First transcontinental telephone call


A telephone call, which for marketing purposes is claimed to be the first transcontinental telephone call, occurred on January 25, 1915, a day timed to coincide with the Panama–Pacific International Exposition celebrations. However, the transcontinental telephone line was first completed on June 17, 1914, and successfully first voice tested in July 1914. A 1998 U.S. postage stamp commemorates the completion of the line in 1914.

Background

The original long-distance telephone network actually started in 1885, in New York City. By 1892 this line reached Chicago. After introducing loading coils in 1899, the long-distance line continued west, and by 1911 it reached Denver, Colorado. The president of AT&T, Theodore Vail, committed the company to a transcontinental line in 1909.
On June 17, 1914, after affixing of telephone line, workers raised the final pole at Wendover, Utah, actually on the border between Nevada and Utah state lines. Then, Theodore Vail, the president of AT&T, succeeded in transmitting his voice across the continental U.S. in July 1914.
Six months later, amidst the celebrations surrounding the Panama–Pacific International Exposition, on January 25, 1915, Alexander Graham Bell, in New York City, repeated his famous statement "Mr. Watson, come here.
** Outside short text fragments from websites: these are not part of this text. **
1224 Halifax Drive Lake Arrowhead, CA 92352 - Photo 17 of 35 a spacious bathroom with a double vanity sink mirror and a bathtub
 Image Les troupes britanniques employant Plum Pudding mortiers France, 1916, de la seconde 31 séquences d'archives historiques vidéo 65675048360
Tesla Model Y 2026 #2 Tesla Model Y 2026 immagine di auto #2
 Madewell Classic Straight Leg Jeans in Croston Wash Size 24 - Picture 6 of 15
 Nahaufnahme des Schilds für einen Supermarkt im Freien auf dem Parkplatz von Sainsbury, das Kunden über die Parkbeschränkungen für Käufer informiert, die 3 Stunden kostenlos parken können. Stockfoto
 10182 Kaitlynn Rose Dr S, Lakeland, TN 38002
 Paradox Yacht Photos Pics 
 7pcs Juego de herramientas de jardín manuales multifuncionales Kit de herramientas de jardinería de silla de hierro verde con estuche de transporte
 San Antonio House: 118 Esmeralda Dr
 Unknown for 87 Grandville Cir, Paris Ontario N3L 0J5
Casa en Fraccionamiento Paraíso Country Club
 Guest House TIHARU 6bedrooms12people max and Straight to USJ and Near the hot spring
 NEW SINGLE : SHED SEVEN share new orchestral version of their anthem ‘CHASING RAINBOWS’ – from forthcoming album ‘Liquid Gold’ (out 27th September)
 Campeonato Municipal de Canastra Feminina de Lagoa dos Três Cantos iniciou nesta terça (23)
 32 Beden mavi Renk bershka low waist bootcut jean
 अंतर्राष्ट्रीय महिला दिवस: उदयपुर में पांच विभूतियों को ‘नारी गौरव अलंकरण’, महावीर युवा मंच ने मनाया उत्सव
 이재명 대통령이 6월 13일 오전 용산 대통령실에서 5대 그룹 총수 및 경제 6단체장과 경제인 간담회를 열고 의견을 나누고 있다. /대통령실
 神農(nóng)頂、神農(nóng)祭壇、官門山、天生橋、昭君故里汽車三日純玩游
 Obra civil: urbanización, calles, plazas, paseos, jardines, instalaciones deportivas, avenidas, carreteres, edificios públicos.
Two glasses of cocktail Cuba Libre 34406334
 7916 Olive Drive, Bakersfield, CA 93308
I want you," into the telephone, which was heard by his assistant Dr. Watson in San Francisco, for a long-distance call of. Dr. Watson replied, "It will take me five days to get there now!" The Alexander Graham Bell call officially initiated AT&T's transcontinental service. The phone call was merely symbolic. Dr. Watson was at 333 Grant Avenue in San Francisco to receive the call, placed by Bell from the Telephone Building at 15 Dey Street in New York City. President Woodrow Wilson and the mayors of both cities were also involved in the call.
Later, President Woodrow Wilson spoke to an audience in San Francisco from the White House and is quoted as saying "It appeals to the imagination to speak across the continent." However, President Wilson was concerned with the "devaluation of the individual" as AT&T celebrated the achievement of the company rather than distinguishing individual inventors, contributors, and innovators.